P/PC: a productivity principle for programmers (and other people)

It’s so easy to make your dreams come true. All you need are goals! Just write them down - promise to read one book per week, do 100 push ups every morning, and learn French fluently. The next day, do less than half of what you planned. After one week, do none and forget about everything completely. Then wait until the next crisis has you scribbling new goals optimistically at 3am. Have you done this before? I have. Many times in fact. The problem is that if your ambition is not in harmony with your ability, your goals have no means to come to light. And you find yourself face-down on the floor wondering why you even started.

A still of David Mitchell as Mark Corrigan, from Peep Show I was gonna get to grips with the Roman Republic… do some sit-ups, learn the clarinet.

Achieving your goals is all about balancing what you want out of them with what you are capable of. Stephen Covey calls it the P/PC balance. It’s about balancing what you Produce (P) with your Production Capacity (PC). P can be anything: number of shoes mended, bushels of apples from the orchard, number of laughs with your friends, quantity of bugs fixed, etc. PC is your production capacity. It is the machine that mends the shoe or the tree that grows the apples. Like a machine or plant PC must be well-maintained and cared for so that it continues to yield P. If the PC function is overworked, it starts to break down. Fewer shoes are mended and fewer apples grow on the tree.

Good programmers maintain a high P by increasing PC. We read, try out new technologies, imbibe problem-solving patterns, and do whatever else necessary to keep up with our vast field. Some of us are put under pressure by our bosses or even ourselves. We might work long days to fix lots of bugs, fight fires, and deploy new features quickly. But if you don’t give yourself time to study, to network, and to express yourself then your PC suffers. Being a top performer means working on skills that increase your power for the future, as well as the now.

A variant of the ‘This is fine’ meme Too much time spent fighting fires can prevent you fighting the cause.

PC is an intrisic property in your software. I worked in a programming team that inherited a web component adapted off-the-shelf from a library. The previous team delivered the component (a pivot table) swifty, which pleased our customers. P was therefore high. Yet soon we were under pressure to make customisations which the underlying library made impractical or impossible. There was no time to refactor or rewrite. To deliver on time we layered ugly customisations on top of the library component. But these made further changes very difficult, to the point that a simple layout fix could take days to get done. Some of the time spent on delivering a pivot table (P) could have been devoted to making the underlying platform better, which would have increased PC.
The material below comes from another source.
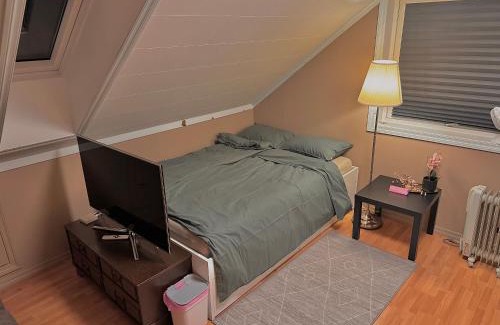 Osoyro House | Comfortable room - Double bed - Private bathroom - Free parking - Shared kitchen - Bus stop and store 2 min walk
Goals are good. That’s why all the the successful folk are always going on about them. Understanding the P/PC balance helps you achieve your goals. It will help you understand how to be a better programmer. Yet it is not a secret whose unlocking will fulfill your dreams. It is a physical law grounded in reality. Admit you can’t do everything you want but don’t beat yourself up for it. Make a few small goals that you can achieve, and build on them. You can never escape the P/PC balance, but you will be rewarded when you work harmoniously with it.